▶ _DATA SHOWN_:
/---

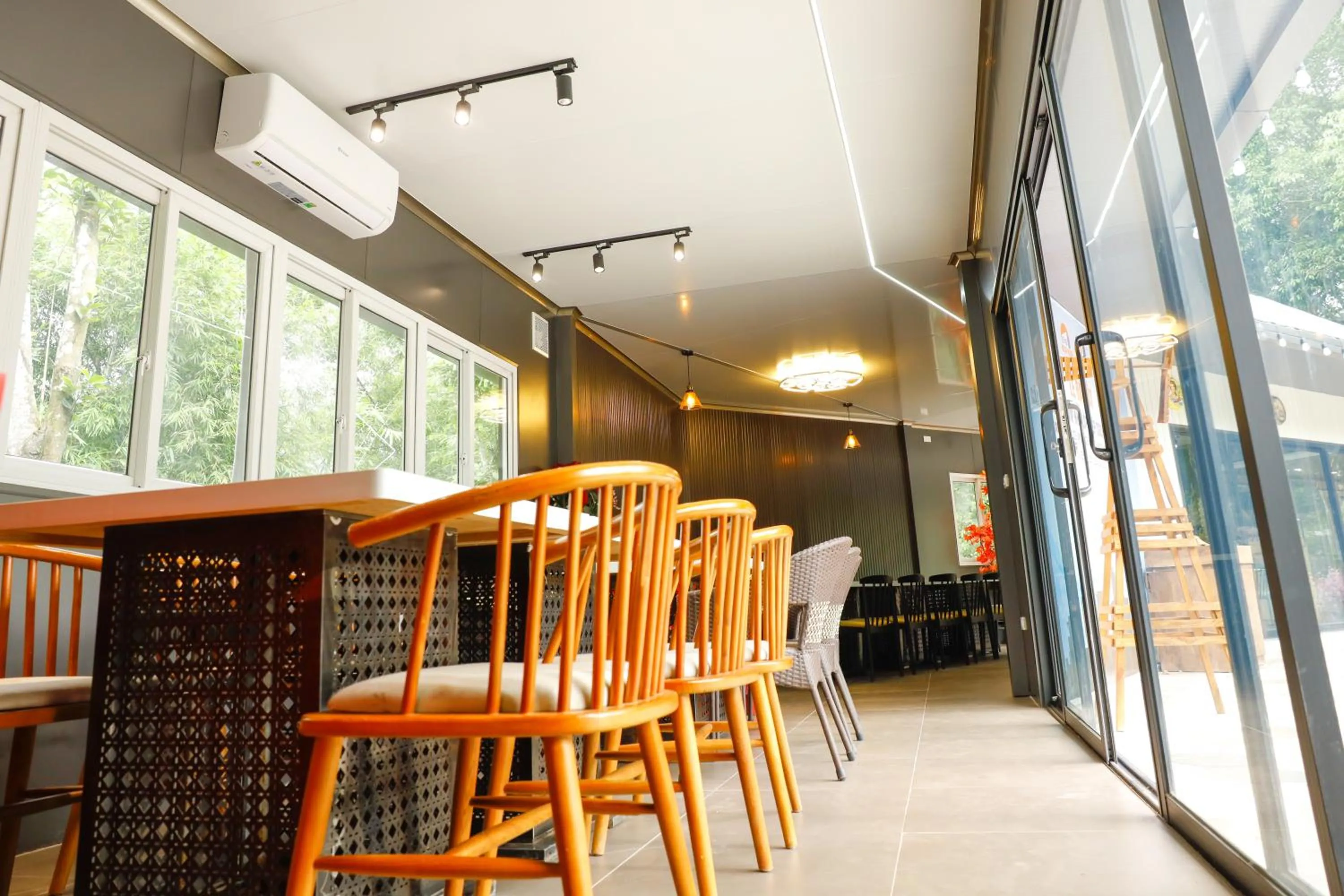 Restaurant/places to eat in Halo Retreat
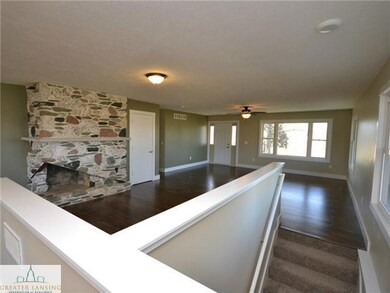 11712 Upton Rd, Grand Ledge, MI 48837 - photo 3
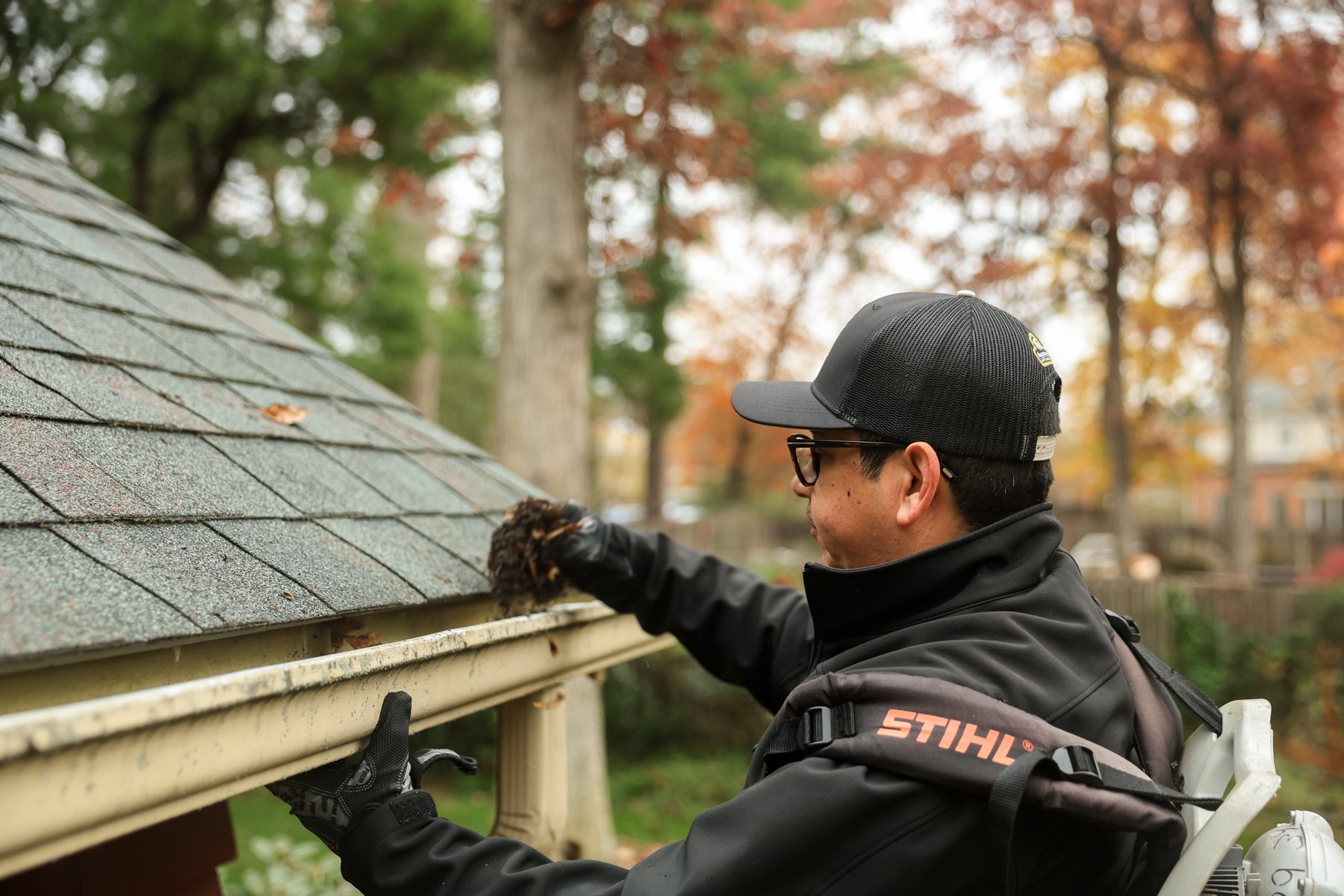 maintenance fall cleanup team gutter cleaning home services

\---

▶ _WHAT TO DO_: Except for the pictures, return every line of the material exactly.

▶ _ANSWER BELOW_:
 Restaurant/places to eat in Halo Retreat
 11712 Upton Rd, Grand Ledge, MI 48837 - photo 3
 maintenance fall cleanup team gutter cleaning home services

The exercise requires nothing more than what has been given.